Replace “Your Name” with your actual name.
Please complete this exam on your own. Include your R code, interpretations, and answers within this document.
Read Chapter 2 (Types of Data Psychologists Collect) and answer the following:
The key differences between nominal, ordinal, interval, and ratio data, is that these vary from the quantity of information that they supply and the different types of statistical analyses they authorize. Nominal Data is made up of groups that have no basic structure or order. An example of this is gender such as female, male, non-binary. Ordinal Data shows groups with a significant and relevant structure, but the gap between the groups aren’t automatically equal. An example of this is scale rating where one might have to rate between 1-5 where 1 might mean strongly agree and 5 might mean strongly disagree. Interval Data has order and equal relation between the values, but there isn’t a zero point. An example of this are IQ scores. Lastly, Ratio Data has the same characteristics as interval data, but it has a zero point. An example of this is reaction time.
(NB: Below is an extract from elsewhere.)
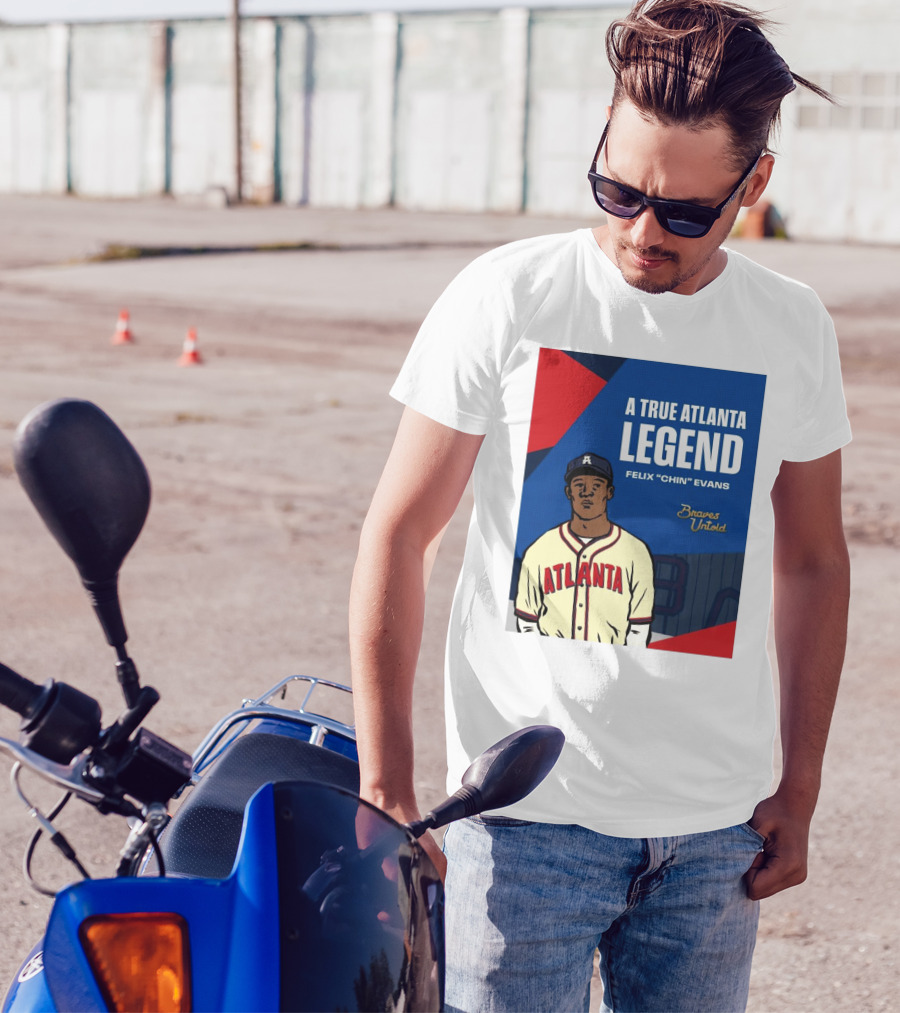 A True Atlanta Legend Felix "Chin" Evans Braves Untold T-Shirt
For scores on a depression inventory (0-63) the appropriate level of measurement would be interval data. This is because with the range being 0-63 they have equal intervals connecting the values. For response time in milliseconds the appropriate level of measurement would be ratio data. This is because it has a zero point, the measurements connecting the intervals are equal, and the ratios connecting the values are significant. For likert scale rating of agreement (1-7) the appropriate level of measurement would be ordinal data. This is because it has an structural order. For diagnostic categories the appropriate level of measurement would be nominal data. This is because the groupings are clear, incoherent categorizes that arrange people based on their situation. For age in years the appropriate level of measurement would have to be ratio data. This is because it has a zero point, alike intervals connecting the values, and a significant ratio.
Referring to Chapter 3 (Measurement Errors in Psychological Research):
The difference between random and systematic error is that a random error is when a inconsistent variation or unpredictability that happens by chance. They don’t follow any pattern and affect the frequency in uncertain ways, which leads to mixture of results. An example of this memory tests, when you are to recall a list of numbers or words. Systematic error is when a logical, dependable, and predictable faulty bias measurements in a certain direction. These types of errors occur from mistakes in the measurement, design, or technique system, which can lead to answers that drift steady from the true value. An example of this is when you’re doing s test and the brightness is set to low.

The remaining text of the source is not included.